Heinrich Strobel (31 May 1898 in Regensburg – 18 August 1970 in Baden-Baden) was a German musicologist.

Life 
Strobel, the son of a wholesale merchant, attended the grammar-school in Regensburg, took part in the First World War and worked from 1918 at the Stadt-theater in Regensburg as Répétiteur. After that he studied musicology at the Ludwig Maximilian University of Munich with Adolf Sandberger und Theodor Kroyer. In 1921 he became music critic of the Thüringischen Allgemeinen in Erfurt. In 1922 he graduated to the degree of Doctor of Philosophy (D. Phil.) with his Dissertation on Johann Wilhelm Häßler's Life and Work.

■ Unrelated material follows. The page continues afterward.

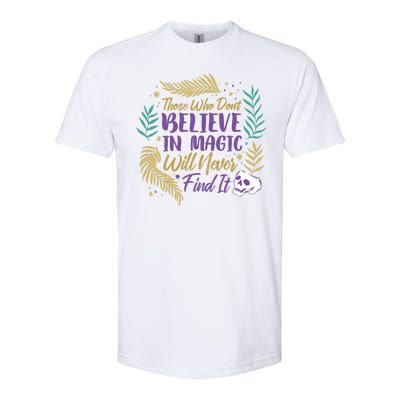 Believe In Magic Softstyle CVC T-Shirt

In 1927–1932 he was occupied as music critic with the Berlin Financial Newspaper. In 1933 and 1934 he was on the editorial staff (Munzinger speaks of him as Editor Publisher) of the Journal for New Music called Melos and for the successor-journal Neues Musikblatt. In 1934–1938 he worked for the Berliner Tageblatt, for which, under the pseudonym Karl Frahm, he also wrote cookery recipes and a Cookery Book. In 1935 he was denounced as a 'Music-Bolshevist' by the Militant League for German Culture. When Strobel made his second marriage to a woman (Hilda Levy) designated a 'Jewess' by the racialist Nuremberg Laws, he acquired a Special Permit for Publication from the Nazi regime. From 1 February 1939 he worked for the Deutsche Allgemeine Zeitung, from April 1939 as Foreign Correspondent in Paris, and during the period of the German occupation. In 1940 he published a biography of Claude Debussy in the Zürich Atlantis Press (founded by Martin Hürlimann). Under a pseudonym he also wrote for a supplement of Goebbels's newspaper Das Reich. Strobel, who at first was called up for the military reserve, was drafted into the Landsturm after the Allied Invasion of northern France in Summer 1944, and became a prisoner of war in the Liberation of Paris.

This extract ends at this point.